Today I had two cups of awesome coffee out on the steps by the water and I listened intently to water rushing, crashing, spilling, splashing, it was delightful. The silence allowed me to hear the waves, it was wonderful. Riley hardly ever barks, today she responded a few times when water splashed up to the top steps where we were sitting. I assured her she would be OK.
Silence when it's present for an extended period of time gets louder and thicker. Certainly I become more aware of space, of how fast I am moving or not. And the thoughts, ideas and questions in my head seem to take on a larger, louder presence. All in a good way.
One of the reasons I love to swim, with my head underwater the silence is manufactured, the sounds are unique to the environment and vary deepening on what stroke I am swimming.
Scuba diving creates an even greater experience, like being in a stadium, imagine that amount of space and the only thing you can hear is your breathing. It's a reminder of being alive in a very LOUD way, hearing the inhale and exhale of your life, your existence, it's powerful. I wish everyone could have the experience of one beautiful and safe and fearless dive.
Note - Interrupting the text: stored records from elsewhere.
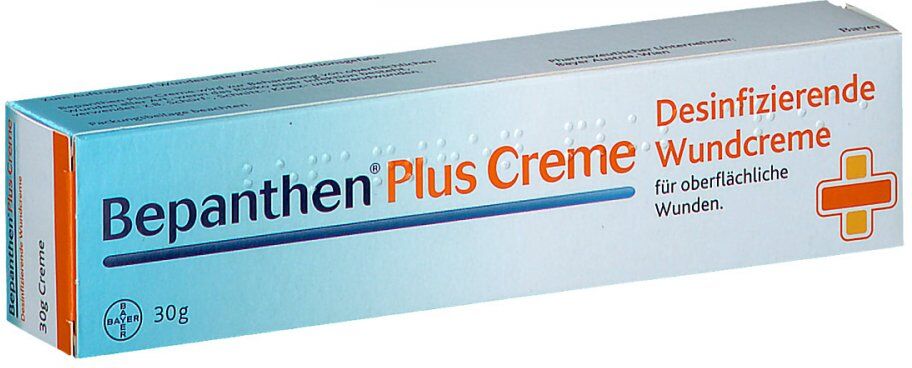 Bepanthen PLUS Creme 30g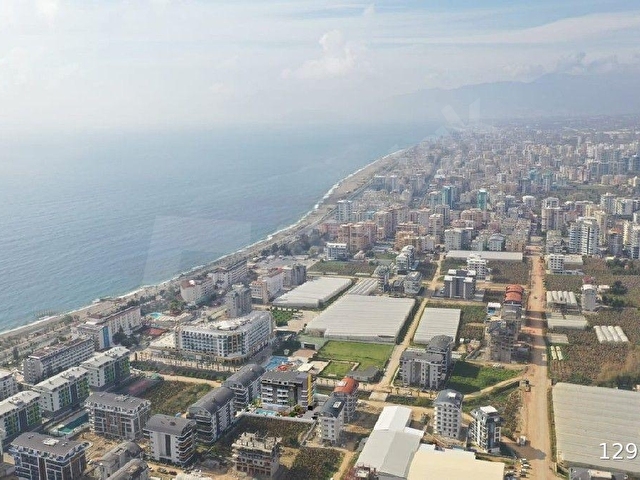 Alanya Kargıcak fırsat deniz ve dağ manzaralı 3+1 fırsat daire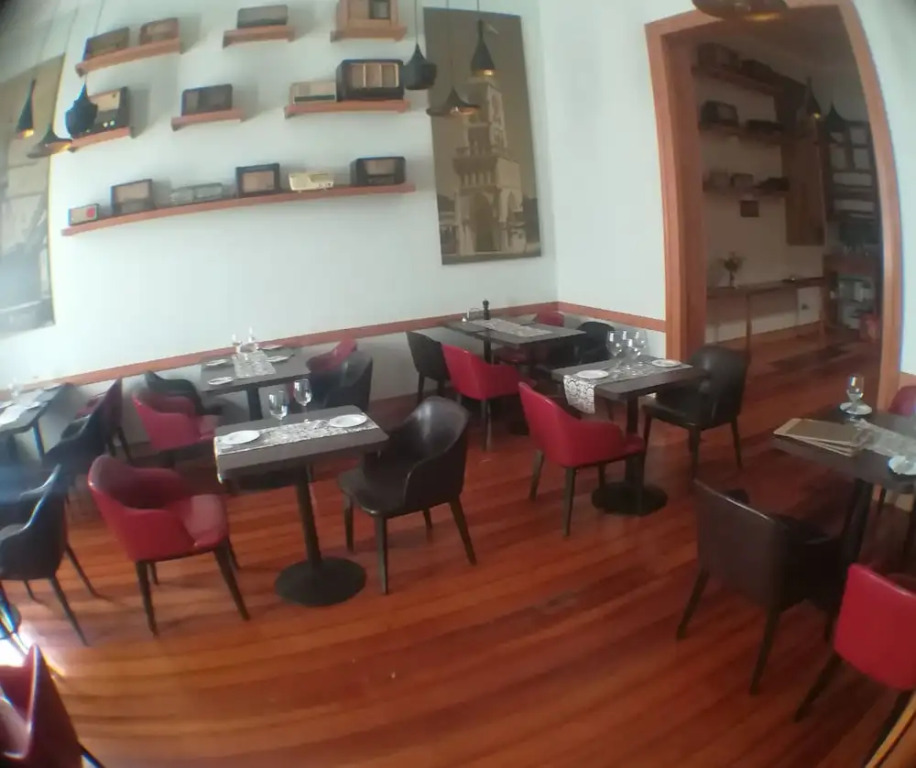 Hotel Baquedano Boulevard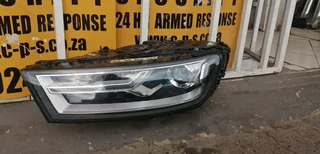 Audi Q7 Headlights 2016 To 2019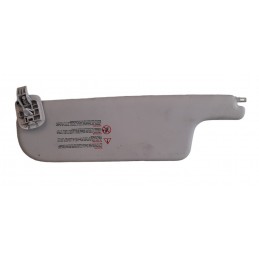 Pantina aletta parasole destra Renault Laguna II 1.9 Dci 2002-2007 - Pantina aletta parasole - 2 Pantina aletta parasole destra Renault Laguna II 1.9 Dci 2002-2007 - Pantina aletta parasole - 2
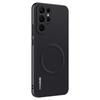 Applicable to Samsung S26Ultra Mark Magnetic Mobile Phone Case S25Ultra Frosted S24Ultra Protective Case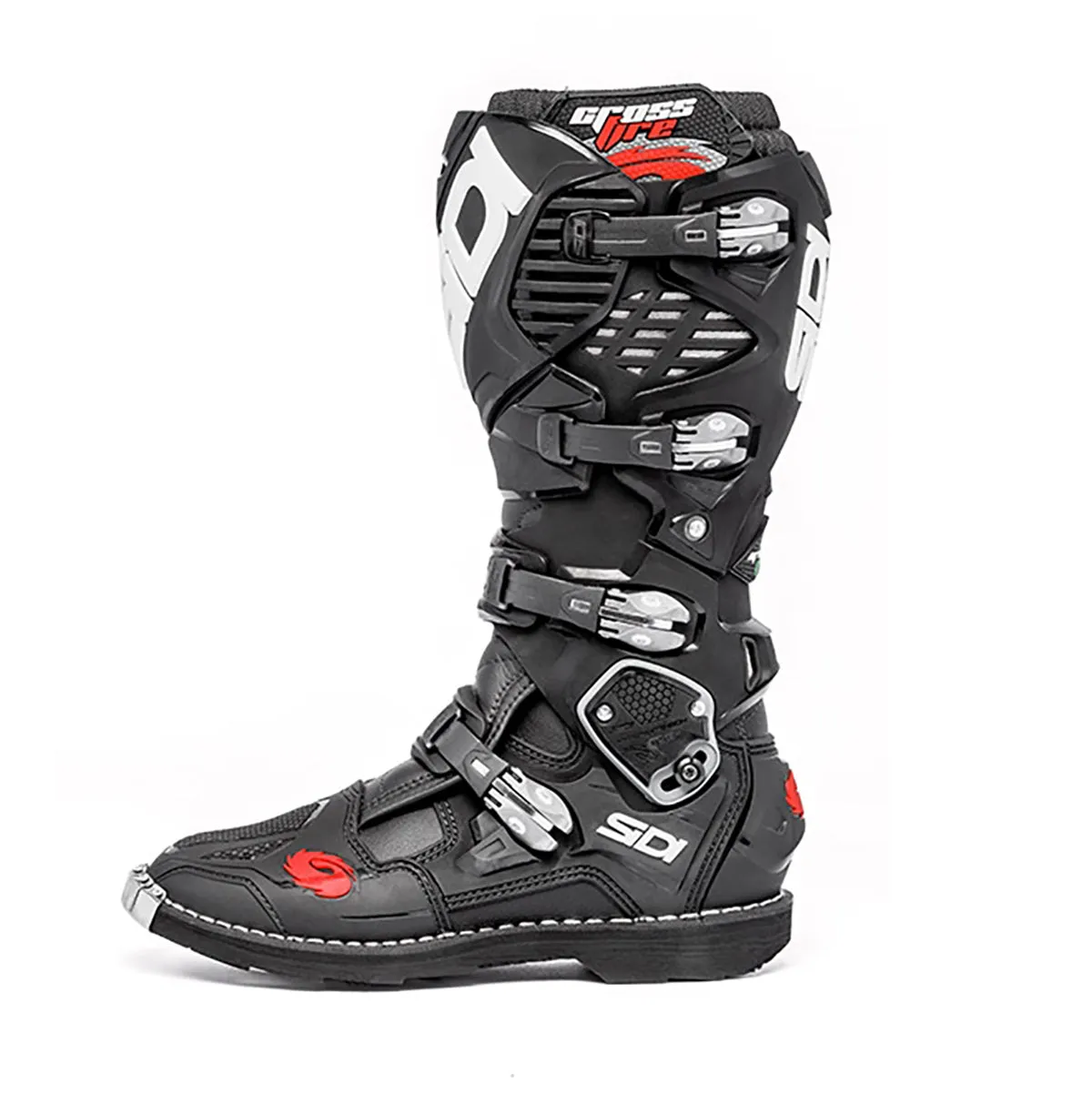 Boots Crossfire 3 Black Black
I have what I've always called "astronaut hearing" - I have the ability to be in a conversation with 2 or 3 people and at the same time be able to listen to a conversation 10 or 15 feet away and not miss a word.
I've always been sensitive to sound, especially repetitive sounds like windshield wipers on high speed, or the water slowly dripping in rain gutters after the rain has stopped. Loud commercials YIKES ! I know I could be easily tortured with music, the wrong song, at high volume in a small enclosed room, I would be in trouble.
And then the unexpected visit of the wonderful poem below. It was iwas part of the weekly Brain Pickings newsletter.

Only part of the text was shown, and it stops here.